■ **Action item**: Return the full listing unchanged, excluding any images it contains.

■ **Data provided**:
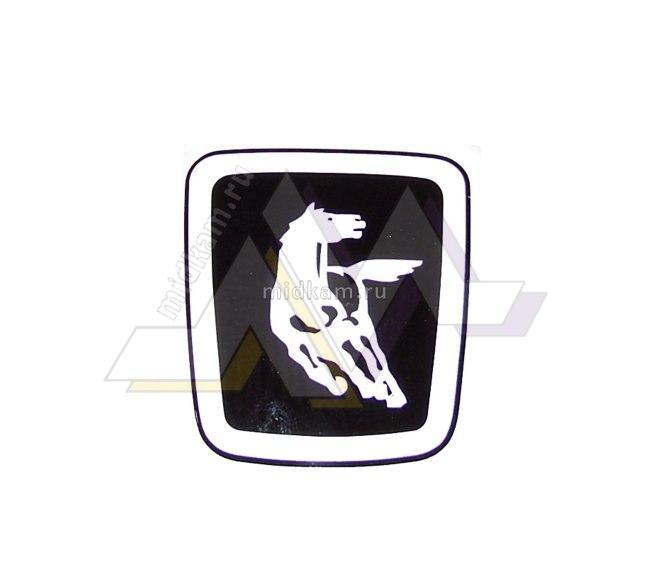 Эмблема (наклейка-логотип "Конь") на рейсталинговую панель - фото 1 - id-p107783458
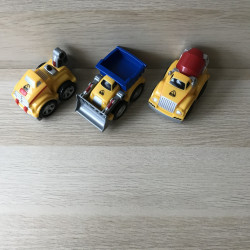 Megabloks : Een takelwagen, een shovel en een betonmixer.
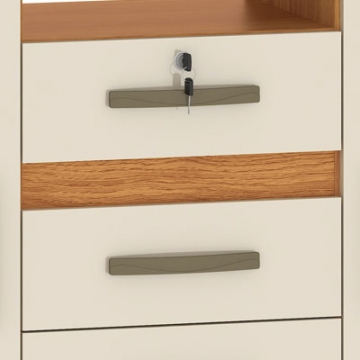 2 doors and 4 drawers.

■ **Response to the task**:
 Эмблема (наклейка-логотип "Конь") на рейсталинговую панель - фото 1 - id-p107783458
 Megabloks : Een takelwagen, een shovel en een betonmixer.
 2 doors and 4 drawers.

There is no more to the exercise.